La Reine Margot: Data access, ghostwriting, suicide and mad reviewers

November, 7, 2012 | 5 Comments

Comments

  1. “All too often prescription only privileges puts doctors in the position of the generals in the Crimea or Great War who sent the troops over the top in a doomed Charge of the Light Brigade. We want generals that we the infantry can trust, generals with a proven track record of keeping their troops safe to fight another day”.

    I like that part. When on medication I never really wanted to bother to get up to “fight another day”. I was quite happy under the duvet cover out of the line of fire and away from the big, bad world. Now that I am off medication I like to get up in the morning. It gets back to your Quality of Life comment, that you made a few months back, in another article. Doctors need to factor that in. And also the weight gain. They don’t seem to care if you cannot fit through the door on your way in to their surgery/room as long as your are “compliant”.

    I now have a number of labels including “non-compliant” and “a’la carte”.

    {Never stop or change medication without consulting a good doctor, due to the dangers of withdrawal}.

  2. Theirs not to make reply,
    Theirs not to reason why,
    Theirs but to do and die.

    What other branch of medicine would claim the right to treat its patients this way? I think you just got to the root of why psychiatry has led the medical pack in its willingness to hide the risks of its treatments. Those with psychotic disorders, at least, are viewed as intrinsically incapable of knowing their own interests – any qualms about taking the latest poison is a symptom, “lack of insight” into their disease.

    And lest anyone treated for depression think they are immune, be aware there is a lot of “mission creep” here.

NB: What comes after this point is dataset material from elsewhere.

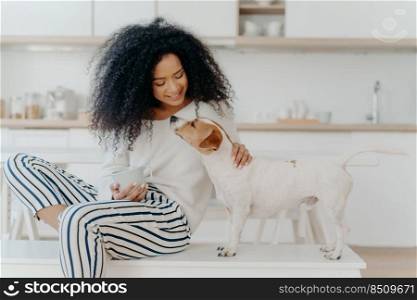 Delighted curly woman with cheerful expression poses with jack russell terrier dog at home, drinks aromatic beverage, dressed in white sweater and striped pants, sit in kitchen. Lady petting puppy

Groups like NAMI already caution journalists against printing stories about the potential side effects of antidepressants, lest they frighten vulnerable patients into not taking them. Any resulting suicides, the reporters are warned, will be blood on your hands. More and more patients are thus deprived of informed consent “for their own good.” Maybe diabetes, heart disease and other “physical” ailments will be next.

    I doubt the author of these emails seriously believed David Healy was campaigning for an end to prescription-only status, with clozapine on the drugstore shelf next to the Alka-Seltzer. The real bogeyman is informed consent for the patronized, dehumanized and practically colonized psychiatric patient. With 50 million of us said to be “living with a mental illness” in the States alone, that could be a pretty rich colony.